In this chapter, DCM is intended as a primary disease of heart muscle. More than 60% of DCMs are proven to be familial diseases with identifiable genetic defects.3,4 Acquired disorders manifesting with the DCM phenotype, or DCM phenocopies (defined as environmentally induced phenotypes mimicking one usually produced by a specific genotype), are sporadic and are categorized as nongenetic DCM. This distinction is essential to separate genetic DCM from acquired, nongenetic, and potentially reversible phenotypes arising from protean causes. The therapeutic options for acquired DCM often differ from those for familial DCM (FDCM). Ischemic heart disease may manifest as, or evolve into, a DCM-like phenotype; it is discussed further in Chap. 43.

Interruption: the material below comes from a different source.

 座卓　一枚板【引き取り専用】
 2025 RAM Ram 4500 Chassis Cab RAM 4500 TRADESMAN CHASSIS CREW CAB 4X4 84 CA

In its descriptive definition, DCM represents the end phenotype of heart muscle damage induced by different causes; the disease mechanisms are increasingly being identified by the implementation of molecular and genetic assays for patients and families, high-resolution and functional imaging, and novel biomarkers. In this end stage, most DCMs look phenotypically alike (Fig. 58–1). Intermediate phenotypes are manifest by borderline, persistent LV dilation and/or dysfunction and may present with arrhythmias and/or conduction disease, now recognized as “early DCM.”5 In genotyped families, the preclinical phase of the disease can be diagnosed in phenotypically healthy, but genetically affected, relatives of probands with DCM. Therefore, DCM can be grouped mechanistically as genetic and nongenetic.

FIGURE 58–1.

Phenotypically similar dilated cardiomyopathy (DCM) caused by defects in different genes: precise description by MOGE(S) nosology system. The figure shows three different examples of DCM; although the clinical diagnosis is the same, the diseases are different. In the MOGE(S) notation, M describes the morphofunctional phenotype (hypertrophic cardiomyopathy, DCM, restrictive cardiomyopathy, arrhythmogenic right ventricular cardiomyopathy) as defined in current guidelines,1 eventually adding key markers such as atrioventricular block; O describes the organs affected in the given patient (eg, Heart, Skeletal muscle, Auditory, ocular systems); G defines whether a cardiomyopathy is genetic or not and includes information on the pattern of inheritance (autosomal dominant, autosomal recessive, X-linked, matrilineal)3; E is the precision diagnostic descriptor and specifies the cause and, in case of genetic diseases, the disease gene(s) and the mutation(s); and S includes New York Heart Association functional class and American Heart Association stage. The practical use is supported by a free app at (see Chap. 57).